TASK INSTRUCTIONS: Reproduce exactly, and solely, the lines running from the top of the data below through the line with "Young couple sitting", both inclusive. Omit pictures.

(Stored items)
+++++

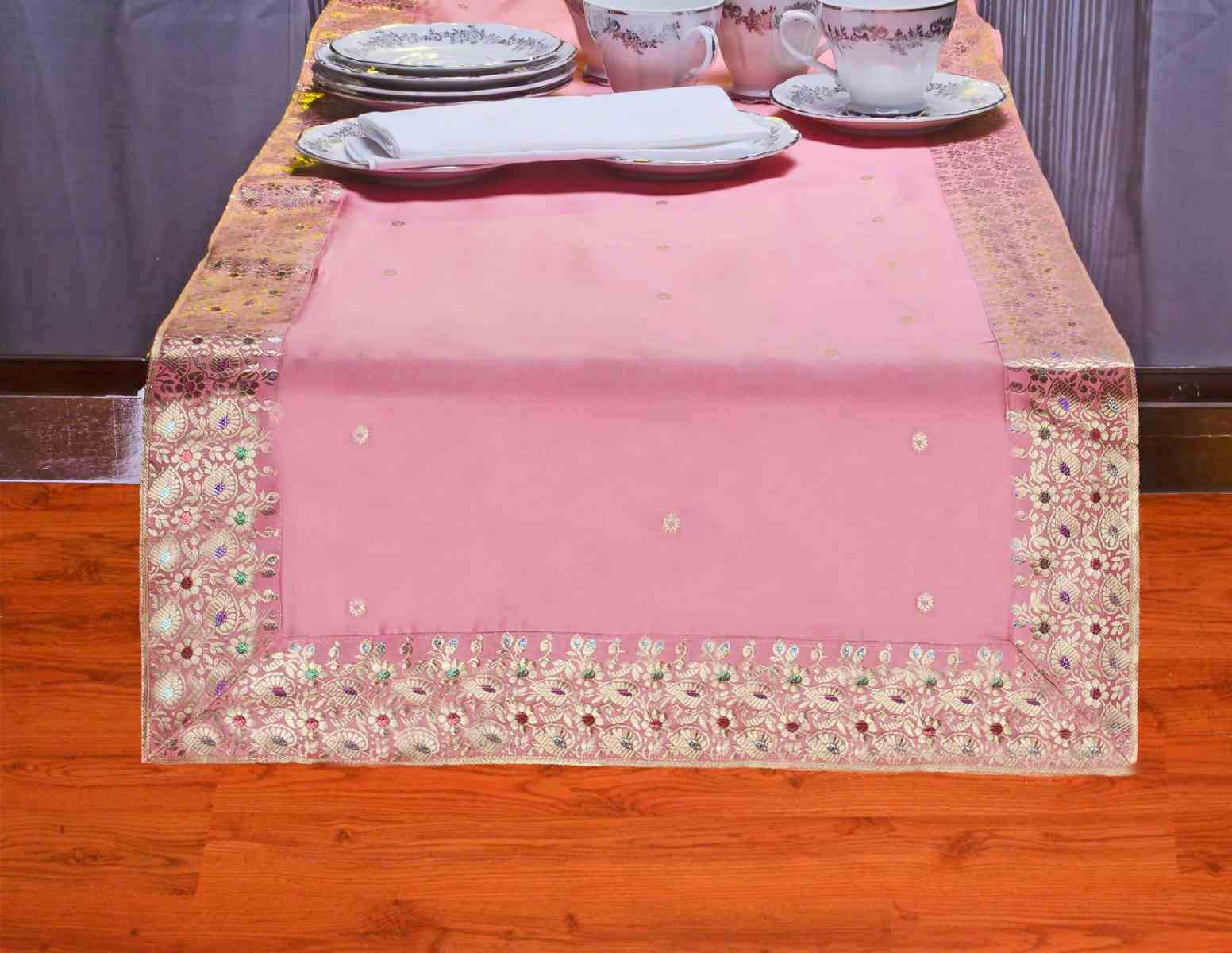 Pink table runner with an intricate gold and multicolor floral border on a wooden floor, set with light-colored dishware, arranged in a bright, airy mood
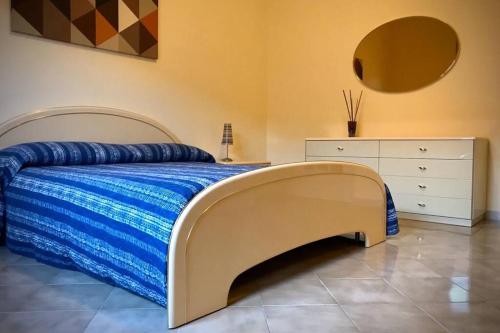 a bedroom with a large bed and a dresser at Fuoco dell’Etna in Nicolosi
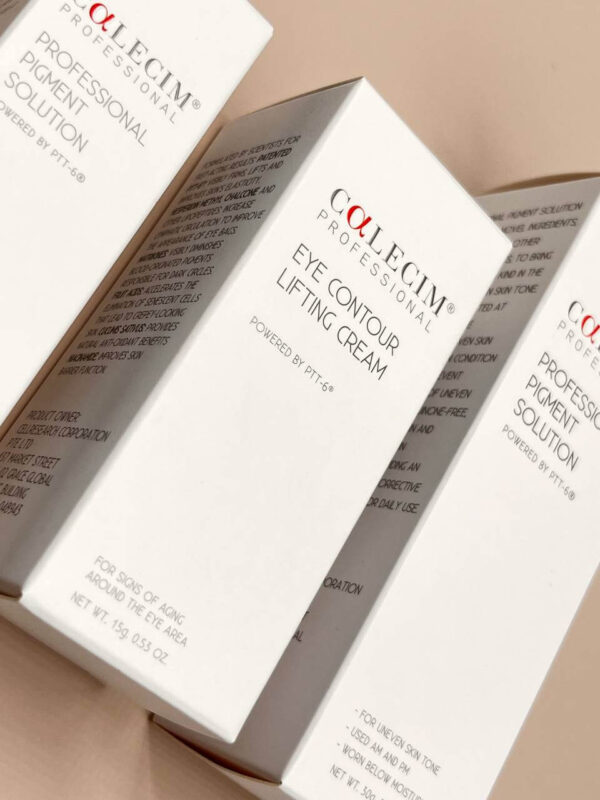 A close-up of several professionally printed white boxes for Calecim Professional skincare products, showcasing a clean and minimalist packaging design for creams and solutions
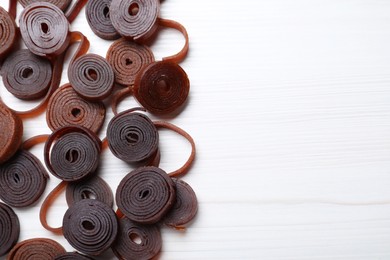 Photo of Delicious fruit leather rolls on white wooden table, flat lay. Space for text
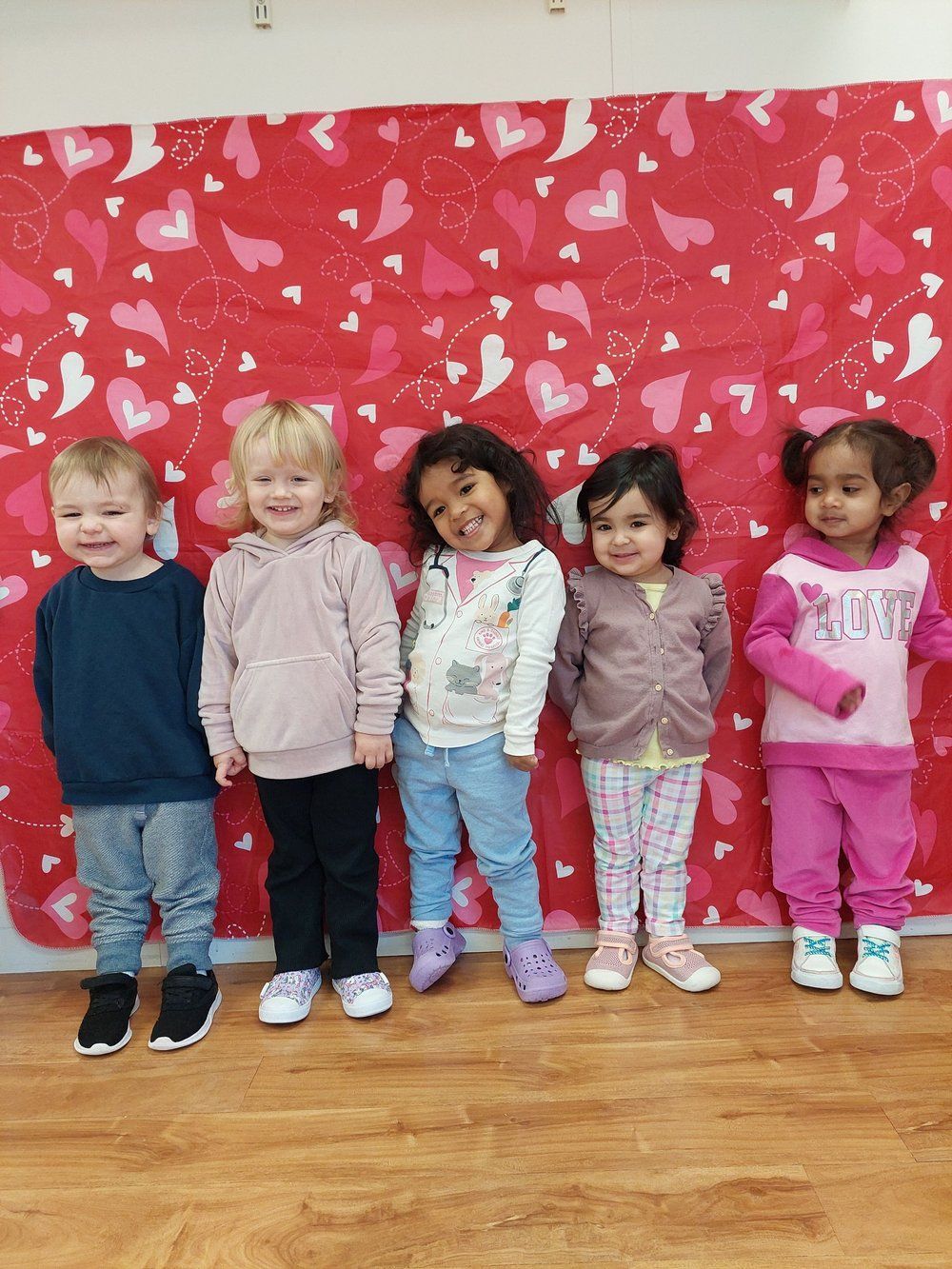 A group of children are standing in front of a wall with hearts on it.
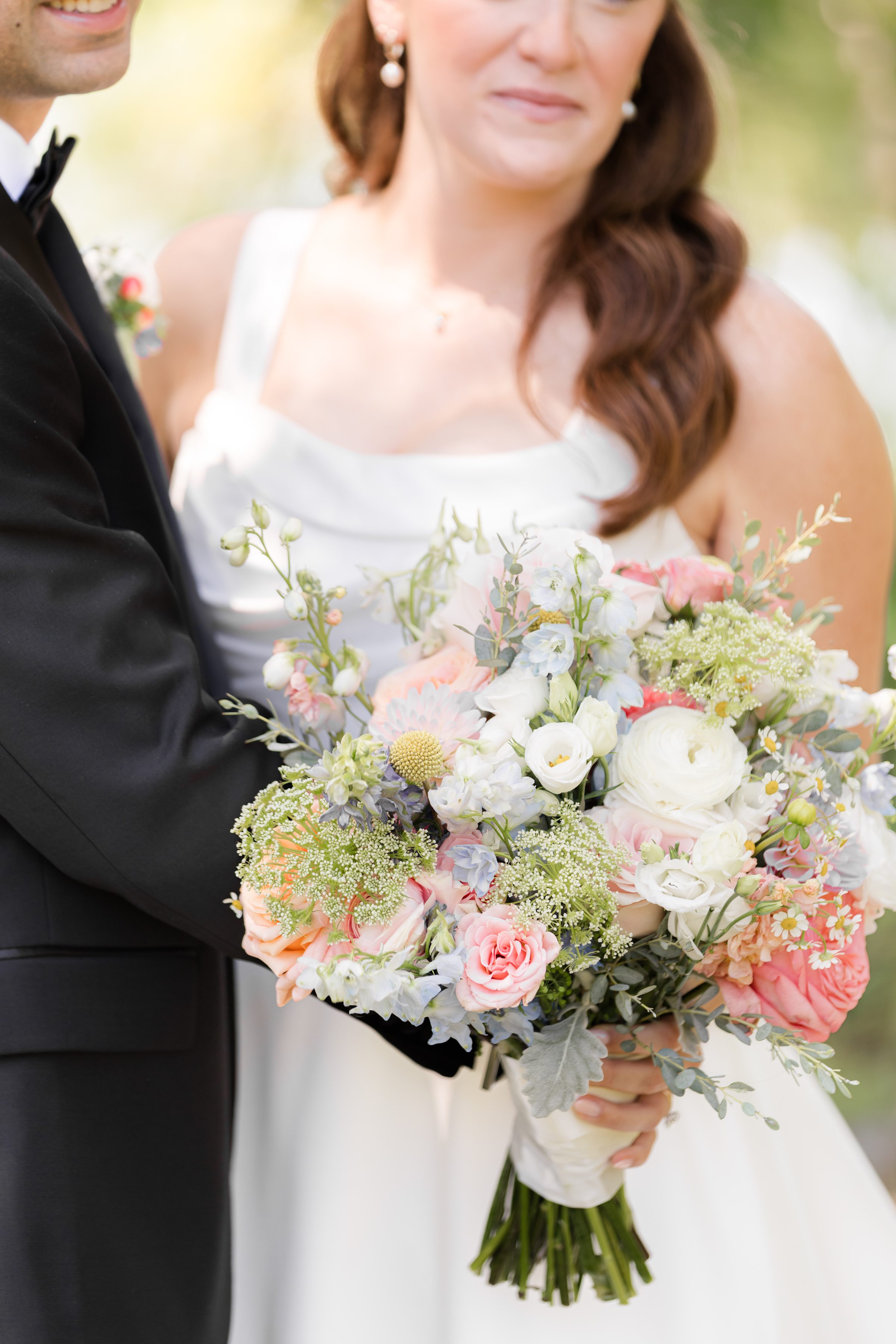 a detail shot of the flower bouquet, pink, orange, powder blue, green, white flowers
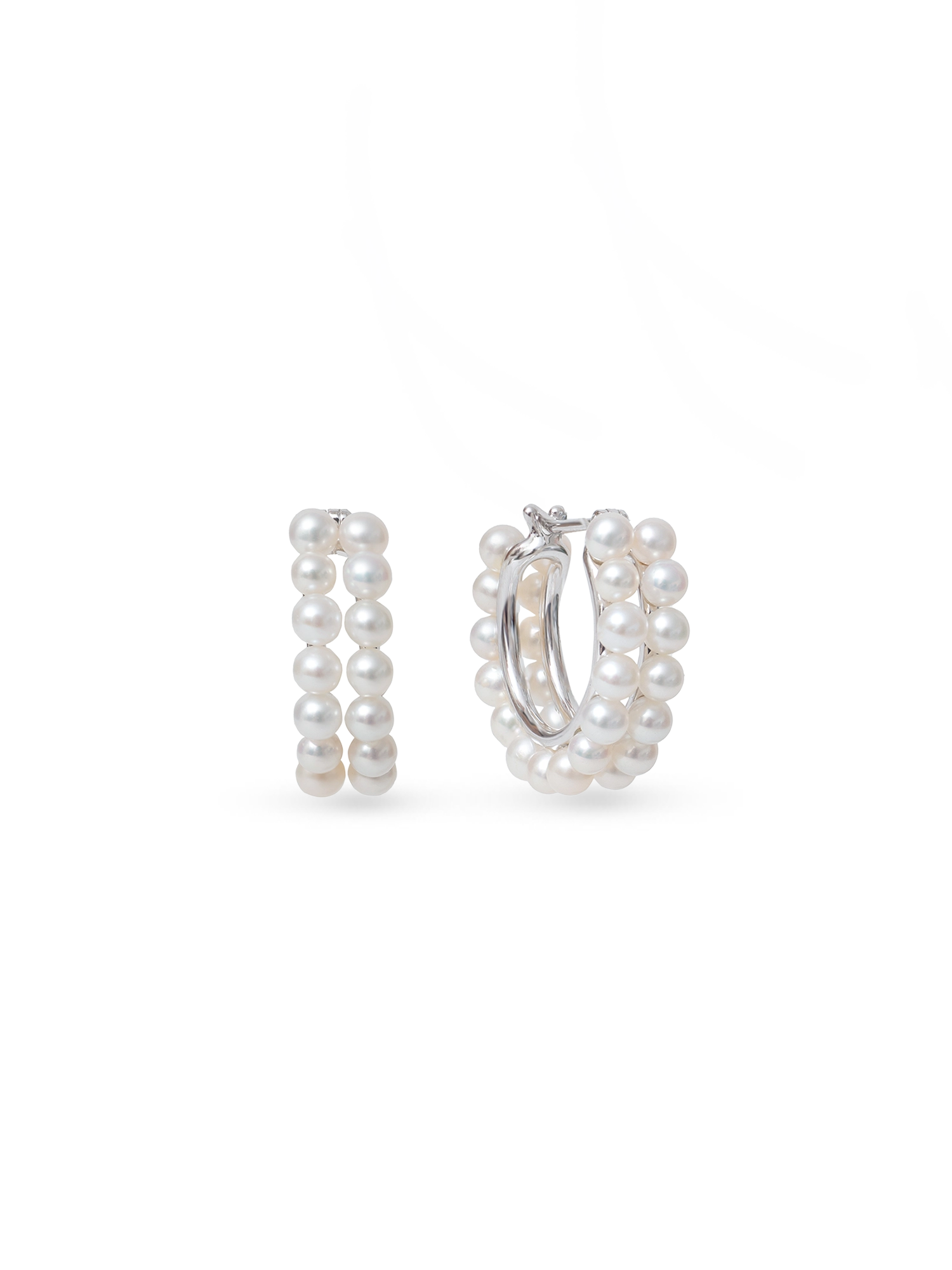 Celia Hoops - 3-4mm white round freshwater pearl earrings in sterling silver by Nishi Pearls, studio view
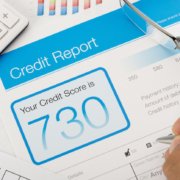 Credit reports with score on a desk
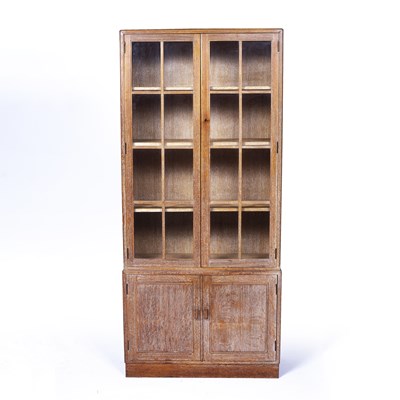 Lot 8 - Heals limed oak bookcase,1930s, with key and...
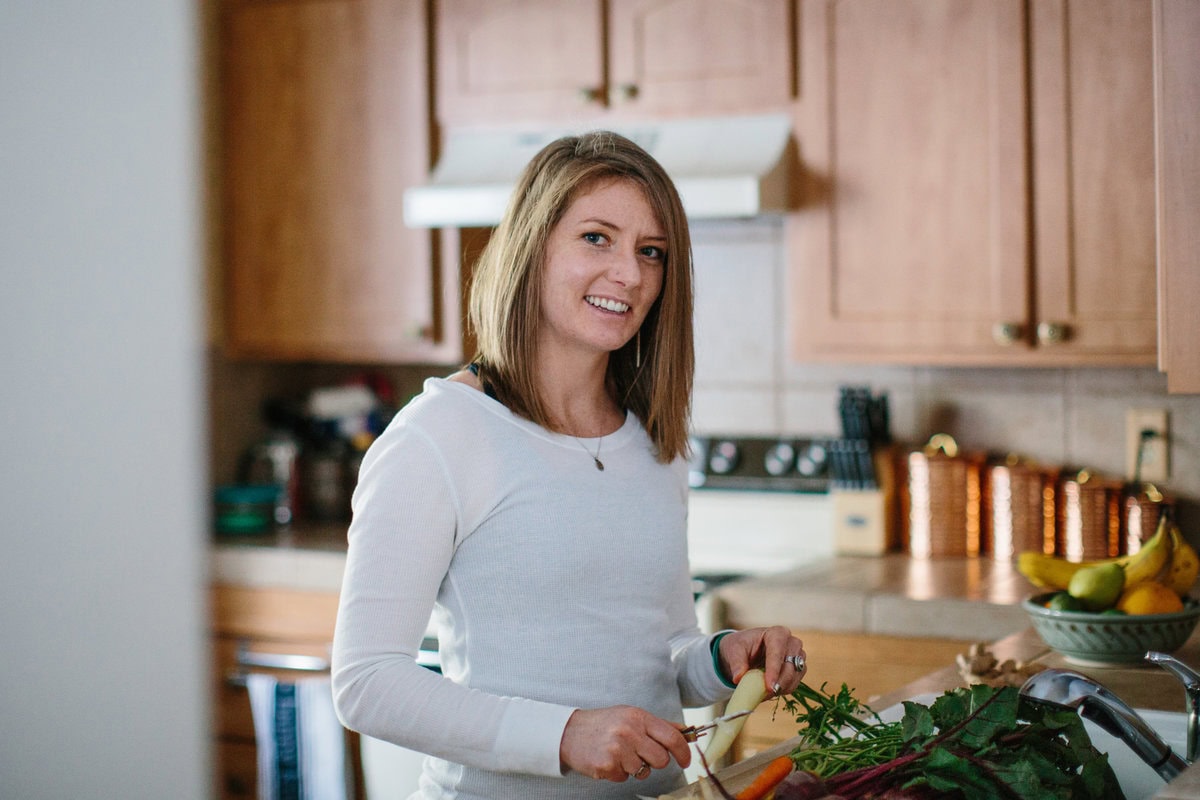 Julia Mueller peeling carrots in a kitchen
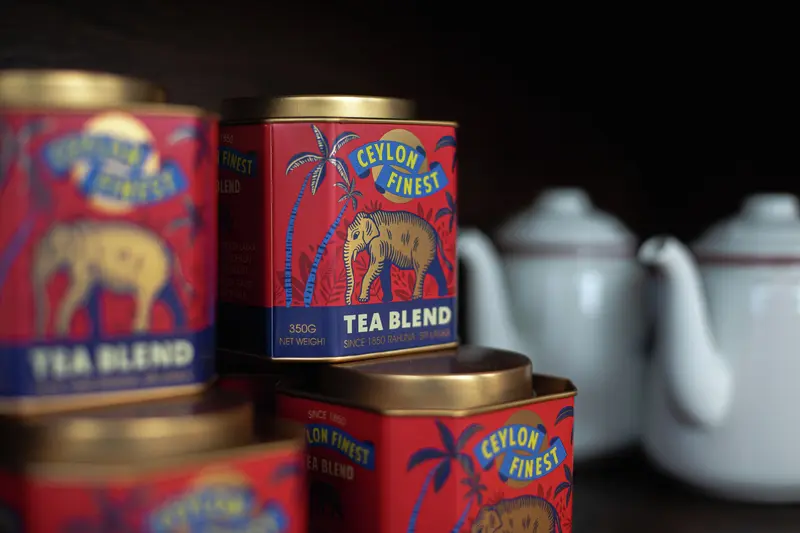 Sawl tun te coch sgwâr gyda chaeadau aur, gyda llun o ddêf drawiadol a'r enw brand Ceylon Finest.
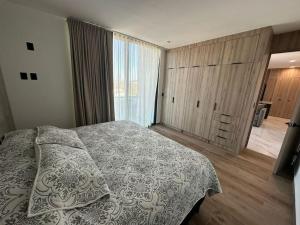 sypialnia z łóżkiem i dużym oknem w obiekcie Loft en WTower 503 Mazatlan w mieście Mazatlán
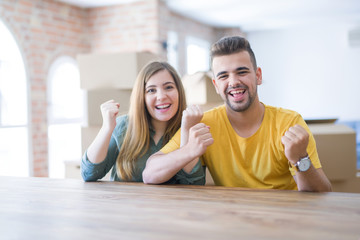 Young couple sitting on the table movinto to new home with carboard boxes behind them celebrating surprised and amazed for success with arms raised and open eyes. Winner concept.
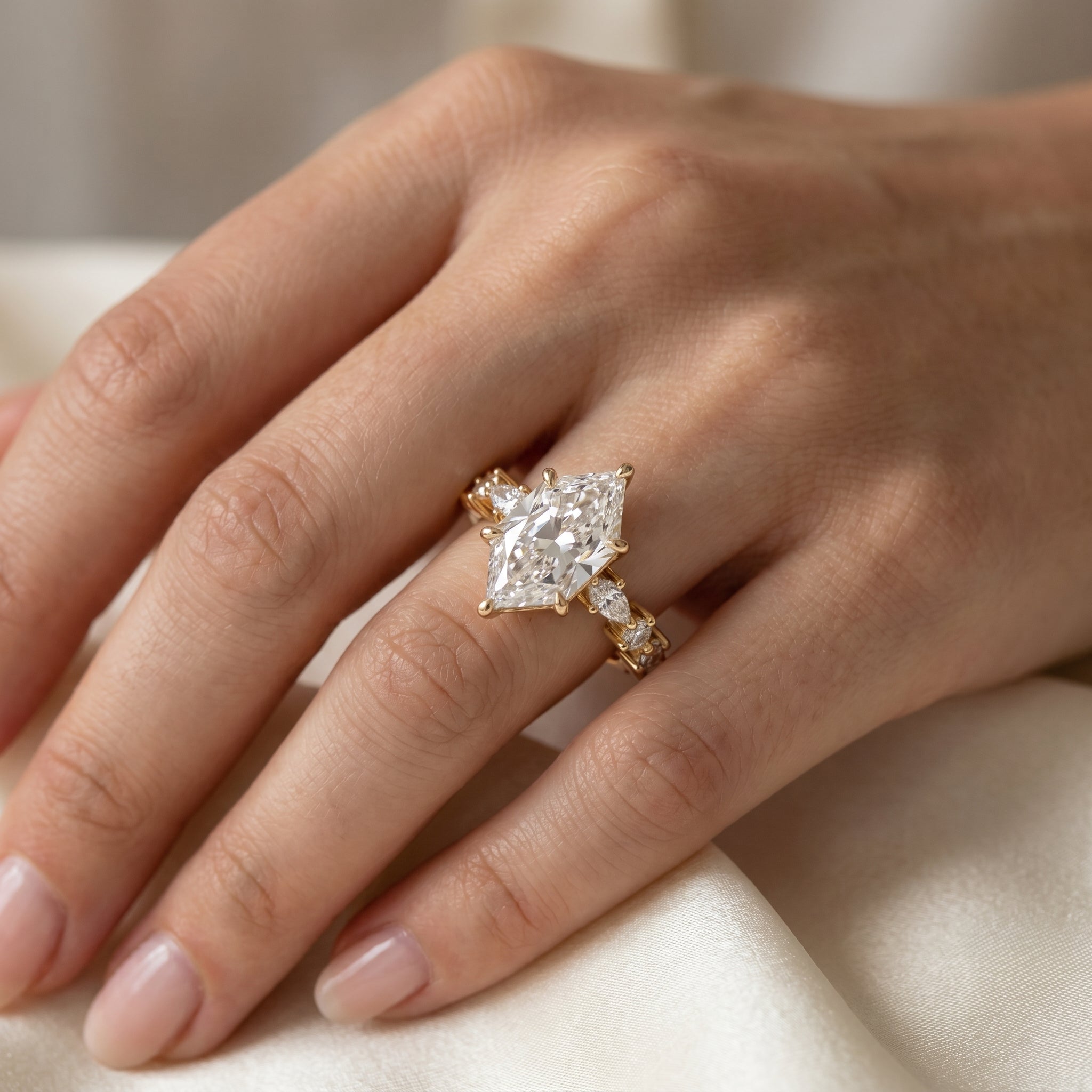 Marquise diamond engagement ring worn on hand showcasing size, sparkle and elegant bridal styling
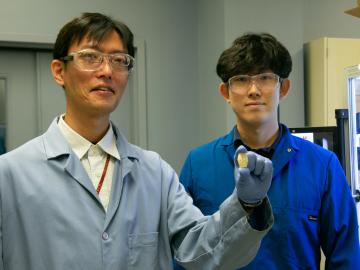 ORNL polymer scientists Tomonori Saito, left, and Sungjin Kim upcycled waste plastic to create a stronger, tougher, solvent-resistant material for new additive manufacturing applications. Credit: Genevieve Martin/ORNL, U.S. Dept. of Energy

+++++

RESPONSE FOR THIS EXERCISE:
 Pink table runner with an intricate gold and multicolor floral border on a wooden floor, set with light-colored dishware, arranged in a bright, airy mood
 a bedroom with a large bed and a dresser at Fuoco dell’Etna in Nicolosi
 A close-up of several professionally printed white boxes for Calecim Professional skincare products, showcasing a clean and minimalist packaging design for creams and solutions
 Photo of Delicious fruit leather rolls on white wooden table, flat lay. Space for text
 A group of children are standing in front of a wall with hearts on it.
 a detail shot of the flower bouquet, pink, orange, powder blue, green, white flowers
 Celia Hoops - 3-4mm white round freshwater pearl earrings in sterling silver by Nishi Pearls, studio view
 Credit reports with score on a desk
 Lot 8 - Heals limed oak bookcase,1930s, with key and...
 Julia Mueller peeling carrots in a kitchen
 Sawl tun te coch sgwâr gyda chaeadau aur, gyda llun o ddêf drawiadol a'r enw brand Ceylon Finest.
 sypialnia z łóżkiem i dużym oknem w obiekcie Loft en WTower 503 Mazatlan w mieście Mazatlán
 Young couple sitting on the table movinto to new home with carboard boxes behind them celebrating surprised and amazed for success with arms raised and open eyes. Winner concept.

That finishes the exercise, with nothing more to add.